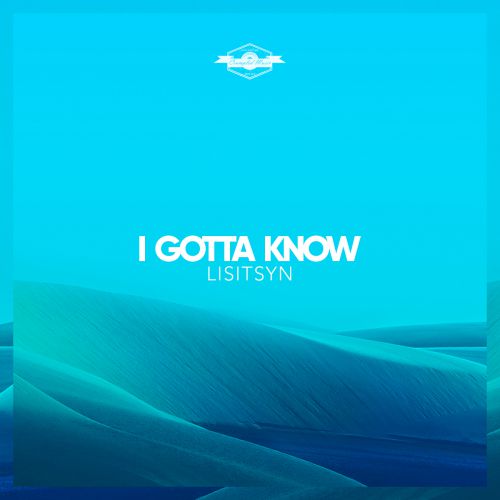 Lisitsyn - I Gotta Know (Original Mix).mp3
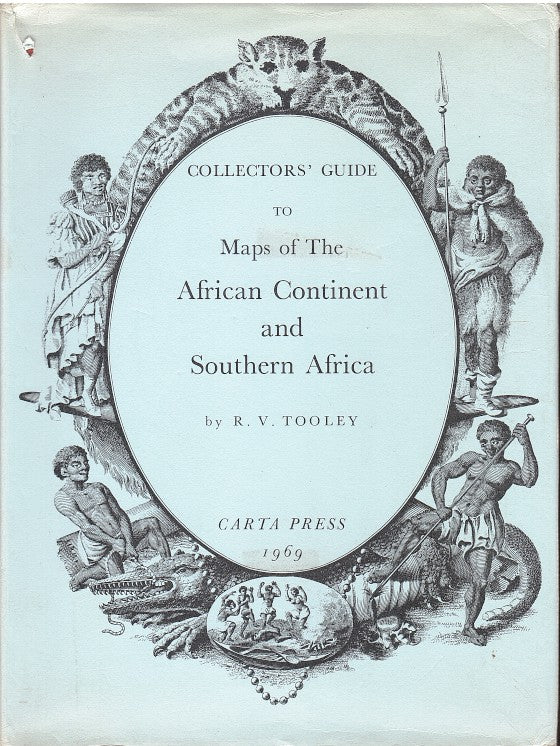 COLLECTORS' GUIDE TO MAPS OF THE AFRICAN CONTINENT AND SOUTHERN AFRICA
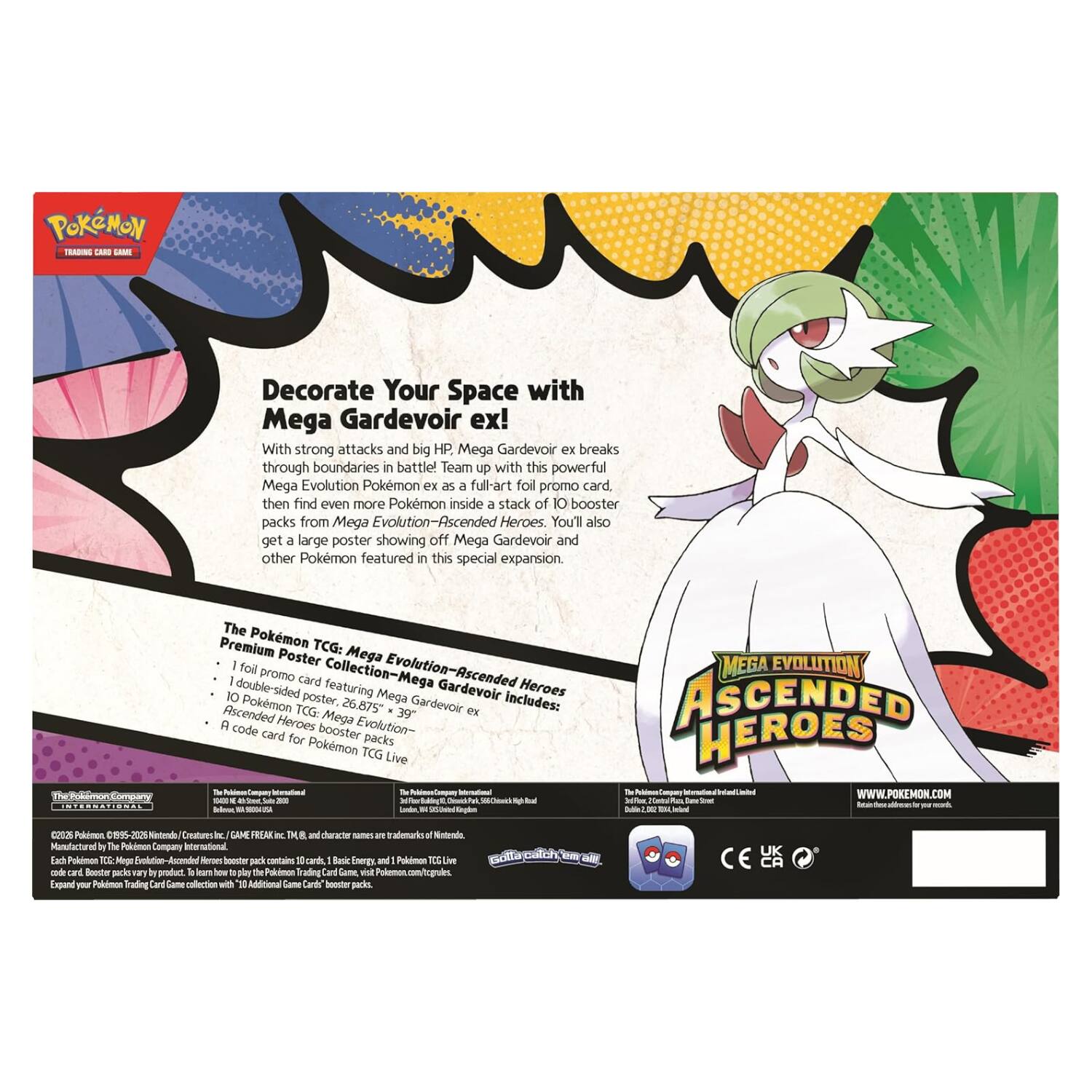 Pokémon TCG: Mega Evolution - Ascended Heroes

Decorate Your Space with Mega Gardevoir ex!

With strong attacks and big HP, Mega Gardevoir ex breaks through boundaries in battle! Team up with this powerful Mega Evolution Pokémon ex as a full-art foil promo card, then find even more Pokémon inside a stack of 10 booster packs from Mega Evolution - Ascended Heroes. You'll also get a large poster showing off Mega Gardevoir and other Pokémon featured in this special expansion.

The Pokémon Company International

The Pokémon Premium TCG: Mega Poster Collection - Mega Evolution - Ascended Heroes

Includes:
- 1 foil promo card featuring Mega Gardevoir ex
- 10 double-sided posters featuring Mega Gardevoir ex and other Pokémon
- 10 booster packs from Mega Evolution - Ascended Heroes
- A code card for Pokémon TCG Live

26.875" x 39"

Manufactured by The Pokémon Company International

©2015 Pokémon. ©1995-2015 Nintendo/Creatures Inc./GAME FREAK inc. and The Pokémon Company. Pokémon and character names are trademarks of Nintendo. The Pokémon Company International

Each Pokémon TCG: Mega Evolution - Asc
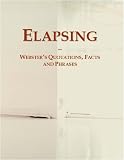 Elapsing: Webster's Quotations, Facts and Phrases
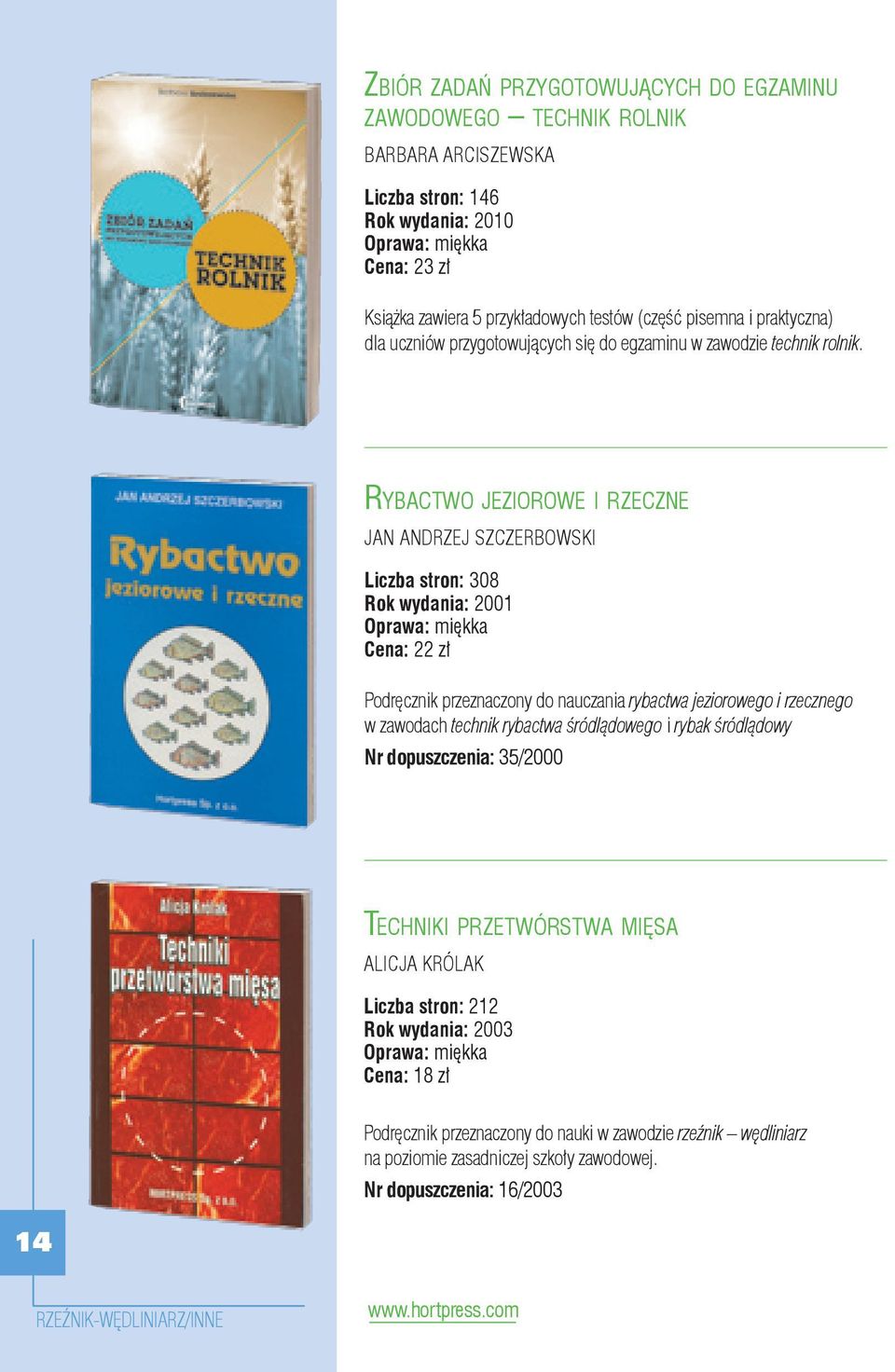 Rybactwo jeziorowe i rzeczne JAN ANDRZEJ Szczerbowski Liczba stron: 308 Rok wydania: 2001 Cena: 22 zł Podręcznik przeznaczony do nauczania rybactwa jeziorowego i rzecznego w zawodach technik rybactwa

################

### WHAT YOU WILL DO
Keep the pictures out while you retype all of the data above exactly as it appears.

### SOLUTION
 Lisitsyn - I Gotta Know (Original Mix).mp3
 COLLECTORS' GUIDE TO MAPS OF THE AFRICAN CONTINENT AND SOUTHERN AFRICA
 Pokémon TCG: Mega Evolution - Ascended Heroes

Decorate Your Space with Mega Gardevoir ex!

With strong attacks and big HP, Mega Gardevoir ex breaks through boundaries in battle! Team up with this powerful Mega Evolution Pokémon ex as a full-art foil promo card, then find even more Pokémon inside a stack of 10 booster packs from Mega Evolution - Ascended Heroes. You'll also get a large poster showing off Mega Gardevoir and other Pokémon featured in this special expansion.

The Pokémon Company International

The Pokémon Premium TCG: Mega Poster Collection - Mega Evolution - Ascended Heroes

Includes:
- 1 foil promo card featuring Mega Gardevoir ex
- 10 double-sided posters featuring Mega Gardevoir ex and other Pokémon
- 10 booster packs from Mega Evolution - Ascended Heroes
- A code card for Pokémon TCG Live

26.875" x 39"

Manufactured by The Pokémon Company International

©2015 Pokémon. ©1995-2015 Nintendo/Creatures Inc./GAME FREAK inc. and The Pokémon Company. Pokémon and character names are trademarks of Nintendo. The Pokémon Company International

Each Pokémon TCG: Mega Evolution - Asc
 Elapsing: Webster's Quotations, Facts and Phrases
 Rybactwo jeziorowe i rzeczne JAN ANDRZEJ Szczerbowski Liczba stron: 308 Rok wydania: 2001 Cena: 22 zł Podręcznik przeznaczony do nauczania rybactwa jeziorowego i rzecznego w zawodach technik rybactwa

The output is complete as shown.